YOU KNOW YOU’RE A FRESHMAN MUSIC MAJOR WHEN:
–Your favorite thing to do at the beginning of every semester is tell people how many classes you take on Fridays, just to watch their eyes bug out.
–You take 7 classes on Fridays. Six if you can get out of GSR. Five if you can fake an amputation and get out of marching band.
–You’re being forced to learn clarinet against your will.
–You didn’t meet your RA until October.
–You look at your homework for English 110 for the week. You laugh. For 45 minutes. Then violently sob for another 45 minutes.
–You have, on average, 3 mental breakdowns a week. Some weeks, you have more than 3.
–You can’t eat, sleep, AND practice. Pick one.
–It’s 6pm. You’re eating your first meal of the day.
–Two hours of harmony homework takes five hours because of facebook, youtube, and the fact that you just can’t seem to stop screaming.
–You have a harmony project due, a research paper due, an aural skills exam, a C Band presentation, and a GSR performance tomorrow. Oh yeah, and you need to be at the CFA right now. Your symphonic band concert’s in an hour.
–Don’t forget about the piano quiz. Did you practice?
–You know which practice room pianos are broken.
–You know the resonant frequency of every practice room.
–Happiness is a canceled clarinet class
–You don’t know anyone on your floor.
–Your bed feels unfamiliar to you. It’s because you’re never there.
–You don’t understand why other kids in other majors are bored all the time.
–You came to college all psyched to take naps in the middle of the day.

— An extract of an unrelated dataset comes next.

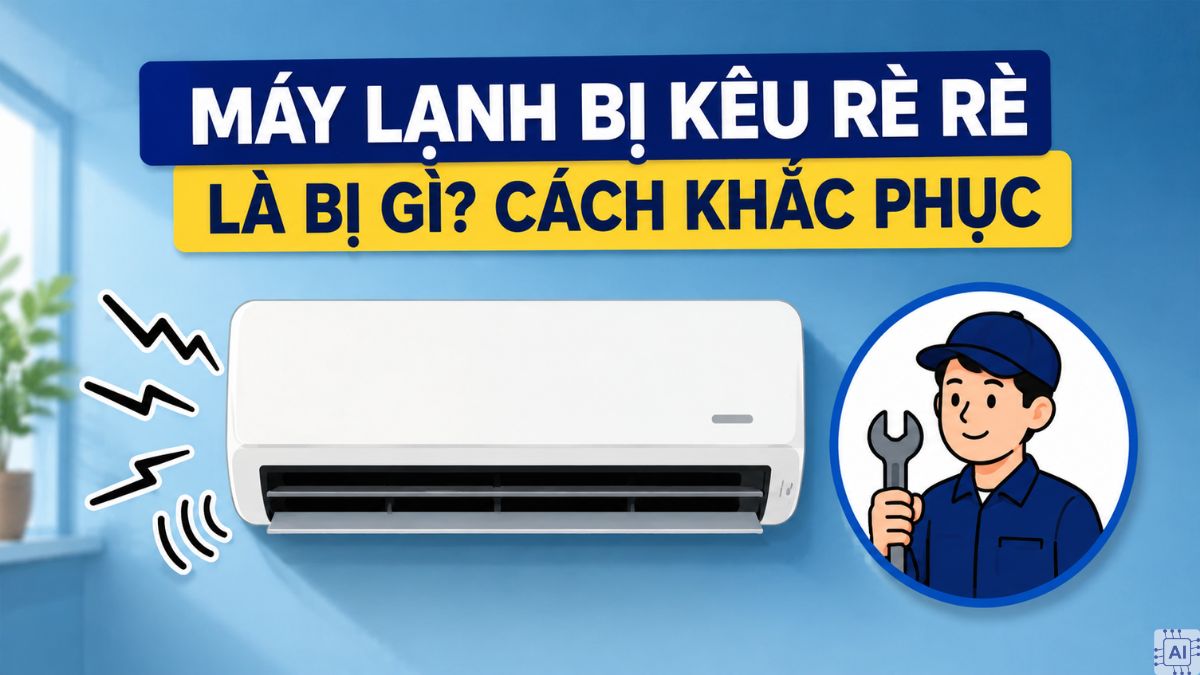 Máy lạnh bị kêu rè rè là bị gì? Cách khắc phục chi tiết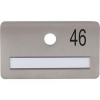 SOLIDO dveřní jmenovka bez kukátka, otvor o 14, nerez satinovaný, gravír. č. 46 SOLIDO dveřní jmenovka bez kukátka, otvor o 14, nerez satinovaný, gravír. č. 46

Now you don’t remember what a nap is.
–Late night marching band gigs will always fall on the day before your research paper is due.
–Your only exercise is marching band.
–C Band is fun because everyone’s bad at a trombone and it’s fun to solfege Disney songs
–The train whistle is in G
–You’ve ever locked someone in a practice room and made them identify tritones
–You didn’t got to your buddy’s senior recital to hear them play. You went for recital attendance.
–You don’t have any friends on campus who aren’t either in marching band or another music major.
–The amount of time you spend solfeging is severely decreasing your likelihood of finding friends who aren’t either in marching band or another music major.